Money isn't the problem, you have enough. The question you're asking is, "Do I cruise through the next five years on autopilot, or trade in my safe, easy gig for something harder but potentially more rewarding?" That's really a question you have to answer for yourself, but there are ways to evaluate the risk.
Weigh the odds that the other gig will be better. Is it a bit of the "grass is always greener" problem, or is there a real potential for higher satisfaction? Draw up some scenarios - make a worst case scenario and a best case scenario, then develop a "most likely scenario" that will be somewhere in the middle of these. Use the worst case scenario to evaluate the risk. Quantifying the scenarios helps us make decisions as we think through the details that we don't know, but can predict.
On the other side, there's nothing wrong with sticking to an easy path and coasting into your early retirement, either. You're working 43 weeks a year at a job that requires five hours a day, four days a week. Americans in private industry work an average of 2300 hours a year. You're putting in just 860 a year. You have a part time job for full time pay, plus a guaranteed pension and platinum plated benefits. Color me jealous.
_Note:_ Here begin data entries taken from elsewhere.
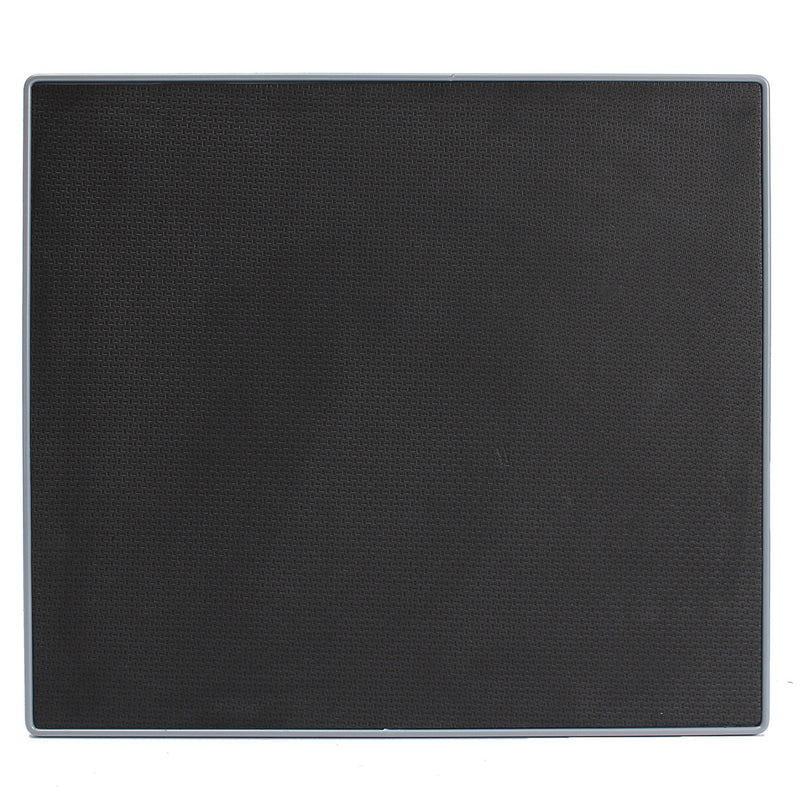 36 Dolce Gusto Pods Coffee Parts Storage Box Drawer Stand Holder Capsule Pods For Coffee Maker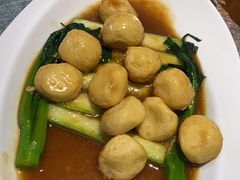 -德云居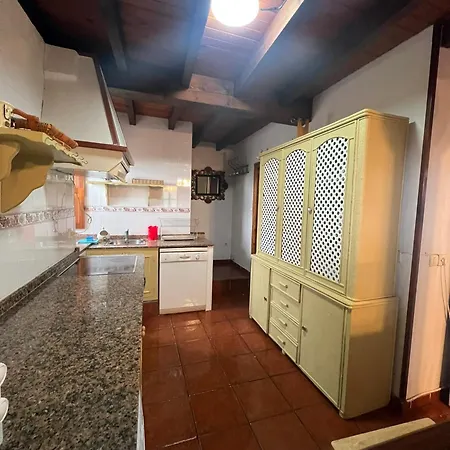 Gestiona2r - En La Costa De Llanes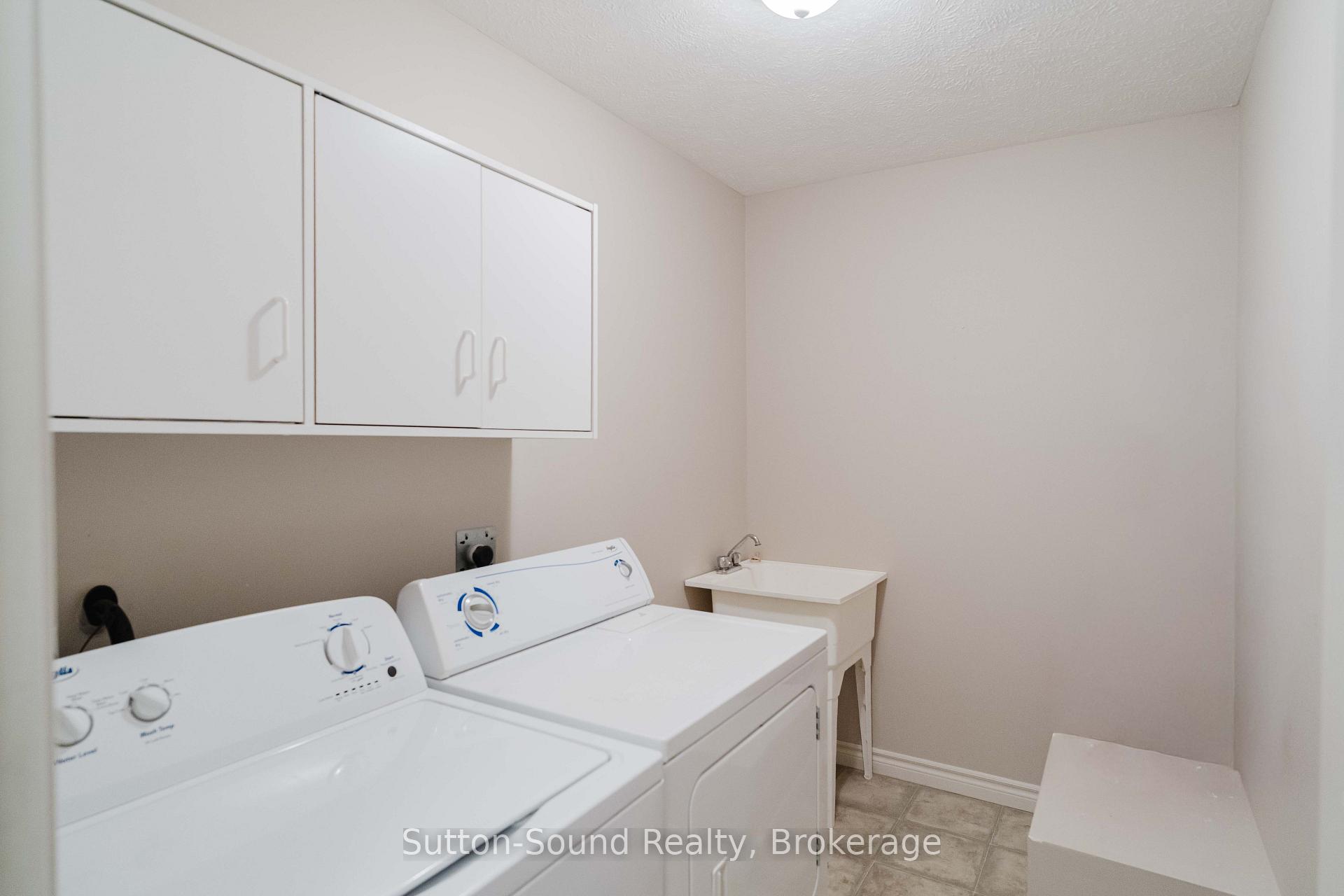 Photo 12 of 907 9th A Avenue E, Owen Sound — HOMEH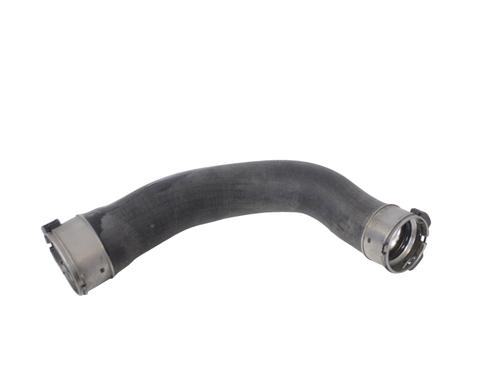 Pipe NISSAN MICRA V (K14) 1.0 | BP33360480M125 - Image 2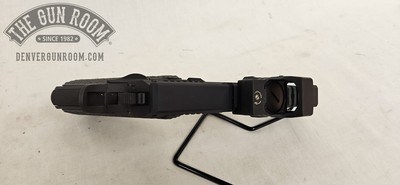 Rock Island Armory XTM-22 W/ Box + Bushnell RDS .22 Mag - Image 13 of 14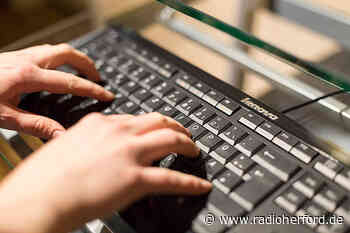 Kreis Herford finanziert Studiengang "Digital Management Solutions" - Radio Herford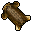 wolf_skin.gif
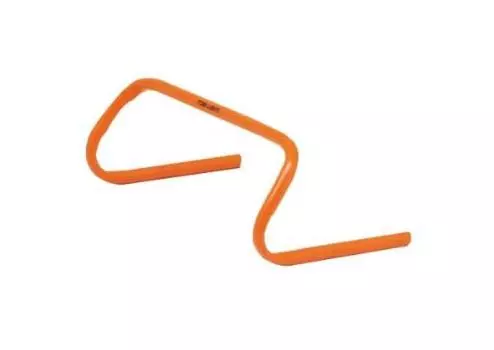 TOEI LIGHT Ступенька-барьер JG15 Ширина 45 x Высота 15см G-1024 (ок.)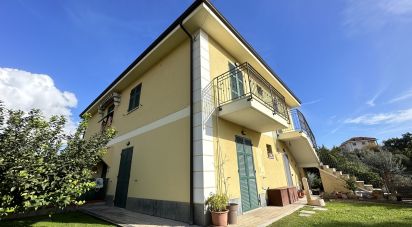 Trilocale di 60 m² a Boissano (17054)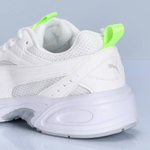 Кроссовки Puma AxisTrail арт 6155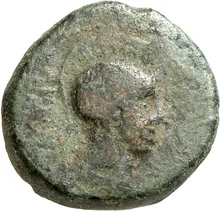 coin obv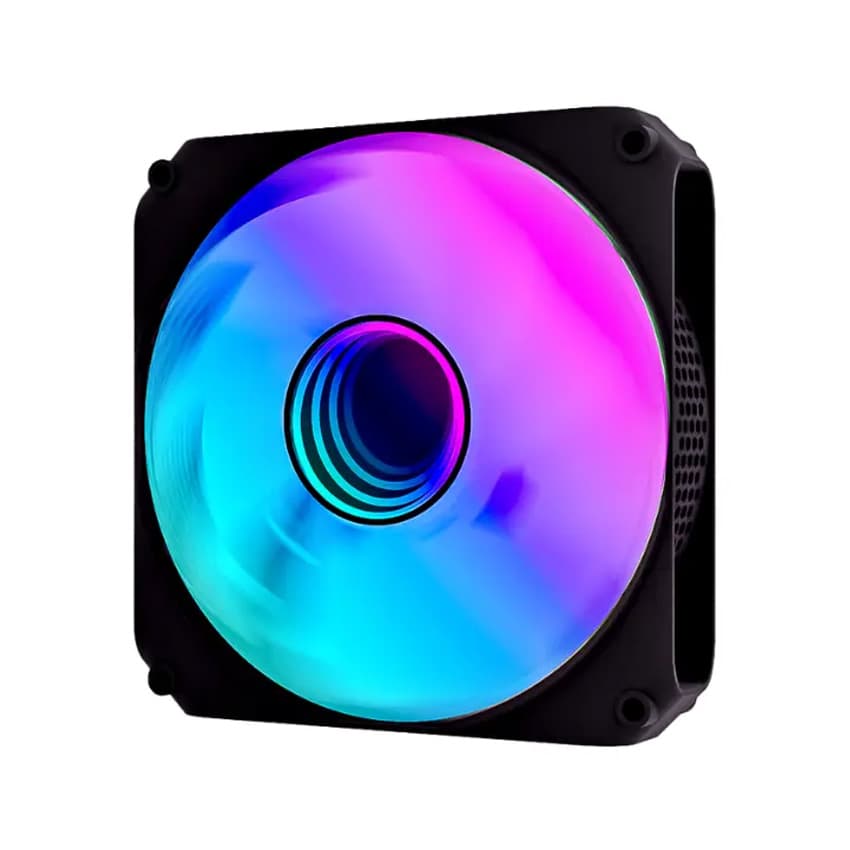 92476_fan_case_tan_nhiet_centaur_ct_m2_tray.jpg main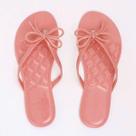Chinelo Petite Jolie Lacinho PJ2272ll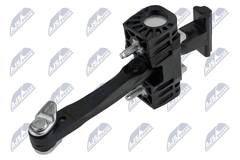 Türfeststeller vorne für OPEL ZAFIRA / FAMILY B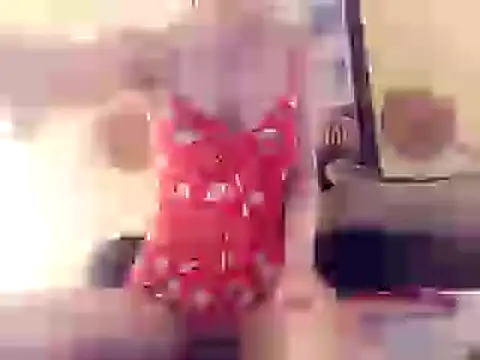 michele462 online show from 03.21.25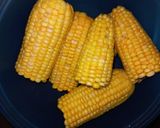 Foto del paso 2 de la receta: Empanadas de Choclo - Recetas Tradicionales Argentinas 🇦🇷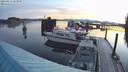 ./images/quadra/hbidock/20220414/hbidock20220414_063500M.jpg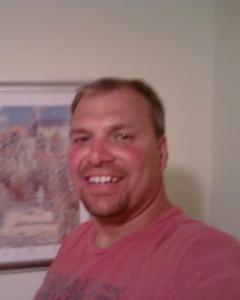 Man, 55. famerk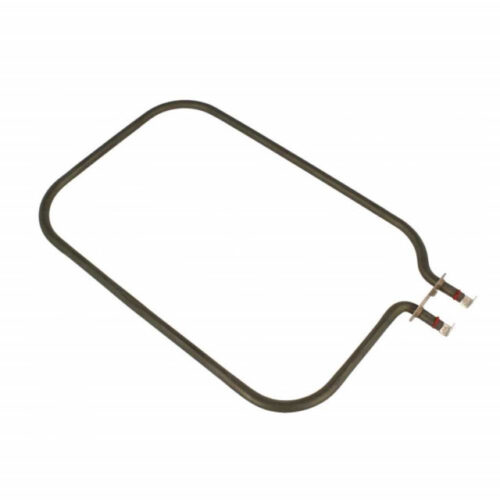 Rezistență cuva Mașină de facut paine Tefal – Original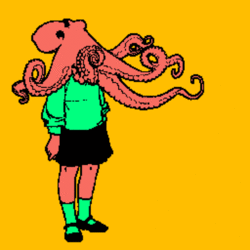 Tumblr n0lykamkvp1qzpy7ko1 500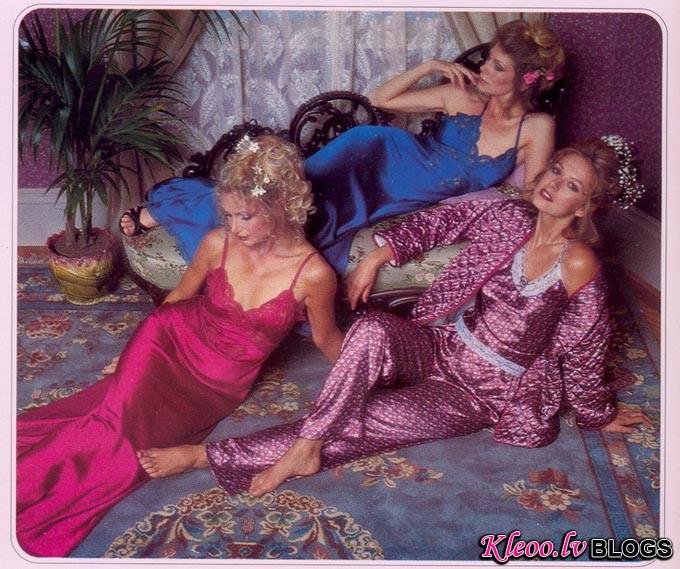 victoriassecretcatalogue197915.jpg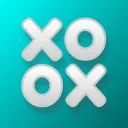 TicTacToe avatar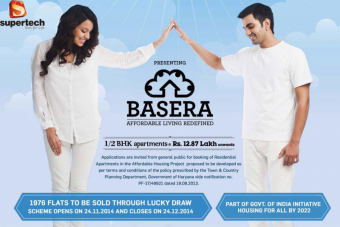Apartment / Flat Gurgaon Gurgaon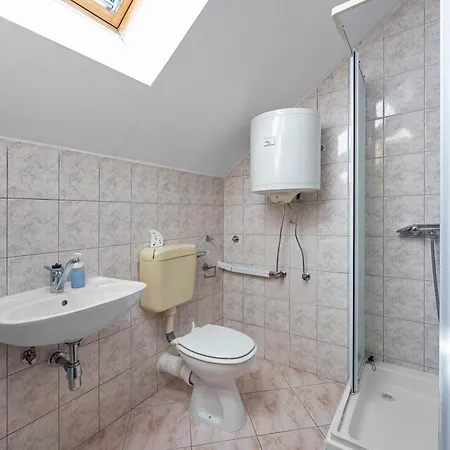 Annaleah * Dubravice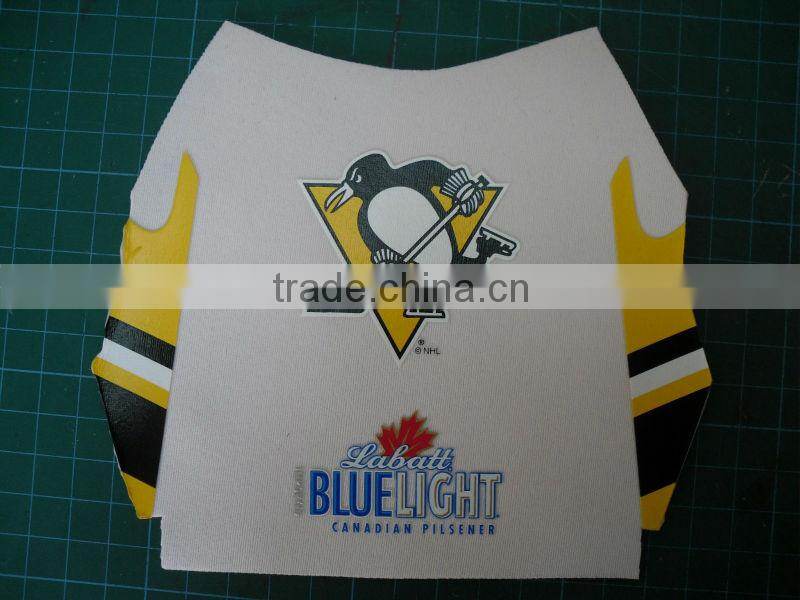 Neoprene Bottle Cover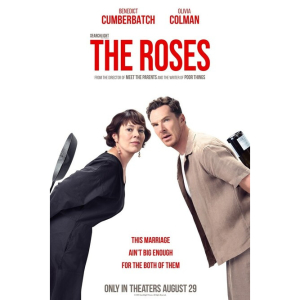 The Roses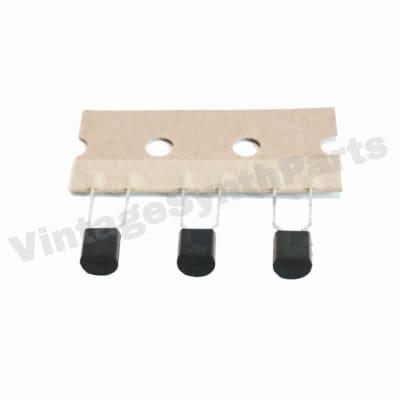 3 X Akai SCSI fuse for S3000 S3000XL S3200 S3200XL CD3000 CD3000XL S3000i S2000 MPC 2000XL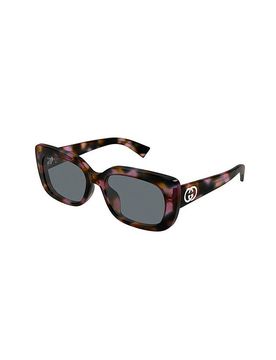 Sonnenbrille GG1979SK braun damen
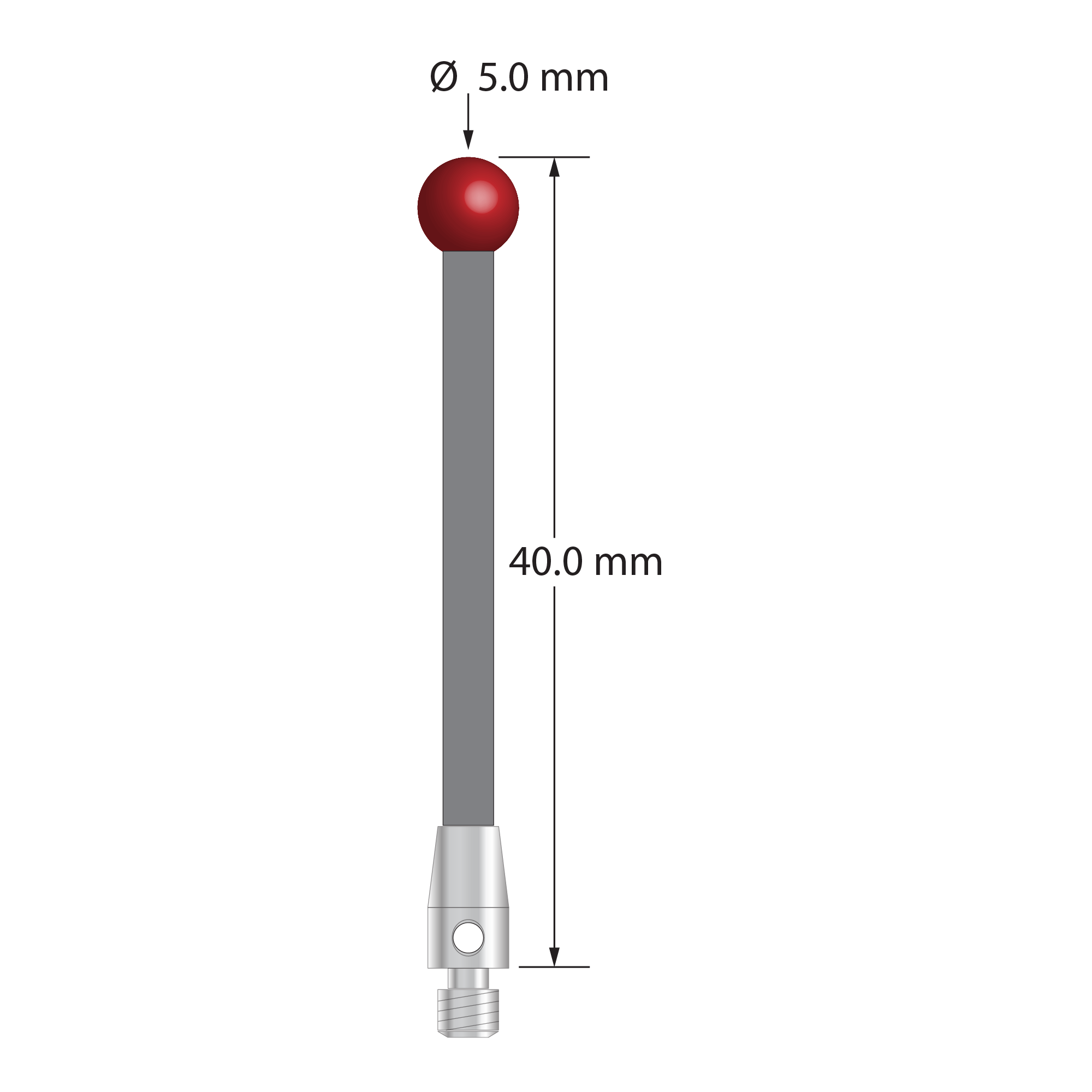 TM3-5040-G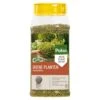 Pokon Voedingskorrels Groene Planten 800 Gram -Deoosteindeonline Winkel pokon voedingskorrels groene planten 800 gram 1548757779 l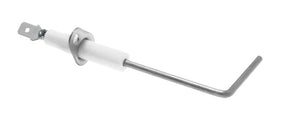 Rheem Flame Sensor 62 - 23543 - 01 - 62-23543-01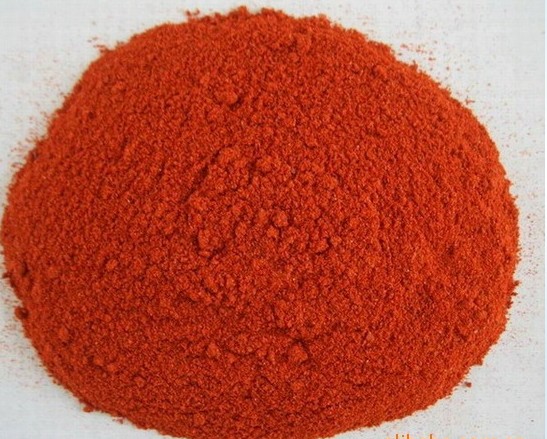 Good Quality Dehydrated Chili Powder, Flakes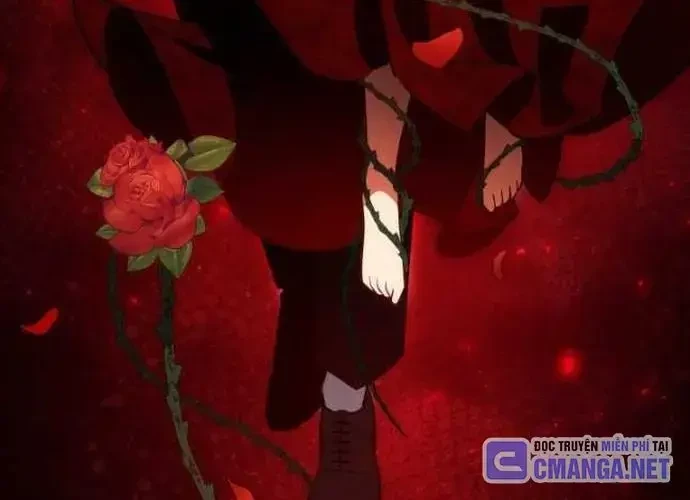 Đồng Hành Cùng Các Thiên Tài Âm Nhạc Chapter 48 - 36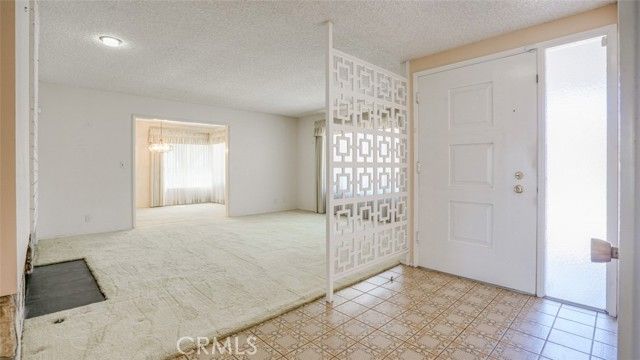 1904 Belmar, Upland, CA 91784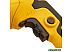 Перфоратор Denzel RH-750-24 Перфоратор Denzel RH-750-24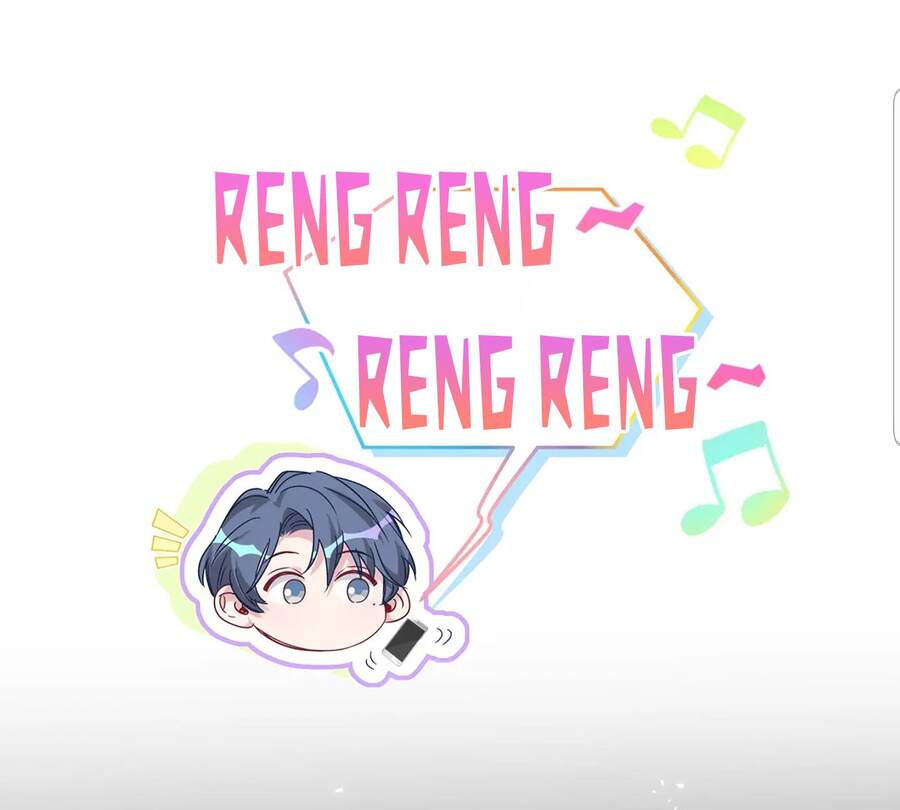 Đứa Bé Là Của Ai ???? Chapter 144 - 16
In both scenarios you have enough of a stash to generate 41k a year in inflation adjusted income for your retirement, from your 1.04m in assets. Your pension will generate 30k a year if you were to leave in five years. Assume you'll also have social security available at 65 (or whenever you feel like taking it). Your expenses are likely to go down once your kids move on. So you need, at most, 60k a year but most likely less, and you'll have 71k a year in five years. You're in great shape.